Why So Serious?
Happy April. This is the sixteenth issue of Rabbit Rabbit Rabbit — it’s just like all those other email newsletters, except nobody’s laughing.
Last month’s newsletter was a real bummer about how capitalism’s insatiable appetite for growth is fueling engagement metrics and driving society right off a cliff. So let’s change things up and make this month’s newsletter a bummer about how real life has become so absurd, every day feels like a practical joke. Fun!
I pity the fool

April Fools’ Day so close to Easter Sunday seems like some kind of gag all by itself. (I’m dead! Just kidding!) But even this dumb holiday (which I think I’ve disliked as far back as grade school) has become a sign o’ the times.
It used to be that April 1 was one of the worst days on the Internet because you had to treat everything you saw online as terrible and untrustworthy. Even big brands were out there conspiring to fool the press and the public into talking about their company’s w-w-wild and k-k-krazy ideas. (I won’t link to any examples of cringey brand behavior because that’s just what they want us to do!)
Possibly the best corporate joke was on April 1, 2004, when Google launched Gmail, because back in the good ol’ days of the Internet our puny imaginations, hobbled by the limits of Hotmail and Yahoo Mail, were unable to comprehend 1GB of free storage as anything but a joke. A whole gigabyte! How could I possibly ever use that!

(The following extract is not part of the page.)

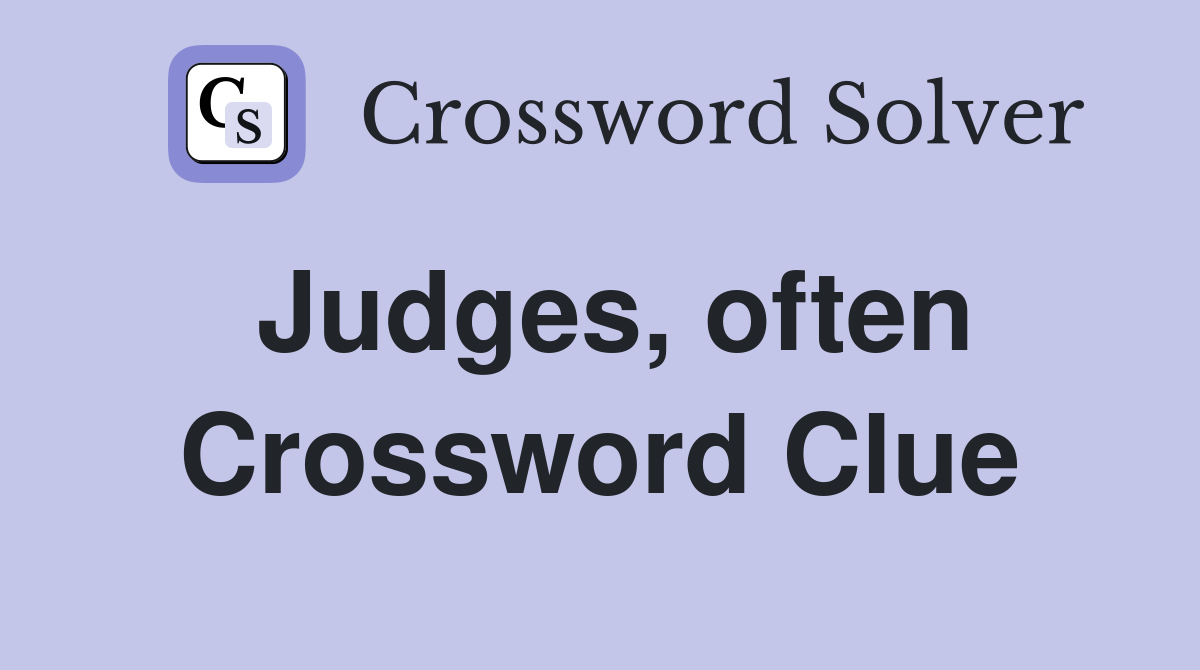 Judges, often Crossword Clue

But nowadays, with dismal absurdity reigning over the Internet 365 days a year, it seems like April Fools’ has finally lost its punch. I mean, how do you top this kind of thing as far as stretching the limits of credulity? It’s not funny, but the joke’s on us, anyway.
Scam or right-wing political campaign?
How’s this for a new kind of misery, one that only modern life can provide: For the last couple of weeks I’ve been receiving a couple of text messages a day promoting Dumbass for president.

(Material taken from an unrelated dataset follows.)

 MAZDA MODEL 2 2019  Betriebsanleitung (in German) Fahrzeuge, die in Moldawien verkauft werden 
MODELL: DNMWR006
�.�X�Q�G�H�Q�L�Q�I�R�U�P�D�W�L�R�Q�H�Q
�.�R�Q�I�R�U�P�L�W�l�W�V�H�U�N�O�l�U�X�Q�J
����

Either my phone number has been added to a Republican mailing list or these texts are scams/phishing attempts. Since I can’t be sure, I dare not reply to them with “STOP” in order to remove myself from the list, because for all I know, I’d just be confirming that their spam has reached a living, breathing human and the texting would just get worse. So, it’s “Delete and Report as Junk,” and I move on with the day.
But today, the political texts were even more batshit crazy than usual.
Scams? April Fools’ jokes? Legitimate conservative talking points? It’s literally impossible to tell the difference.
Anyway, the days are getting (mildly) warmer, and there’s real baseball on the TV. So, let’s count our blessings and enjoy our chocolate bunnies and little bits of fun while we can. The election is still a spring and summer away.
Other rabbit holes
Kindergarten Cop. Let’s make all the rabbit holes movie holes this month. Here’s an April Fools’ joke by the Criterion Collection that deserves five gold stars.
“One day you’ll barter bread for our DVDs.” This is how much of an old man I’m becoming: I agree with almost every sentiment in this article about people who are doubling-down on physical media.
David Bordwell RIP. David Bordwell was a film scholar who taught at the University of Wisconsin–Madison and wrote a great heap of books about cinema, many of them with his wife, Kristin Thompson. They also wrote a great blog about movies together. He died last month after a long illness. This is a nice tribute by film critic Matt Zoller Seitz. Bordwell was not famous — more of film critic’s film critic — but he made a deep impact on cinema just the same. I discovered him relatively recently, coinciding with my discovery of Ozu’s movies about seven years ago. (Ebert: “Sooner or later, everyone who loves movies comes to Ozu.”) When I rewatched Ozu’s Autumn Afternoon with Bordwell’s audio commentary, it kind of blew me away — revealing so much about what the director was doing and how he was doing it, deepening my appreciation of every moment and every shot. Bordwell’s book about Ozu — Ozu and the Poetics of Cinema, long out of print, is a treasure for me. I should link to something he wrote: here he is giving a little bit of side-eye to Christopher Nolan’s The Dark Knight. Like I said, Bordwell left behind a great mountain of books to study, and I also look forward to digging into his series on the Criterion Channel. But it is still sad to see such a passionate, critical mind — no one seems to look at movies the way he did — disappear.
And that’s it for this month’s edition. Have a good one.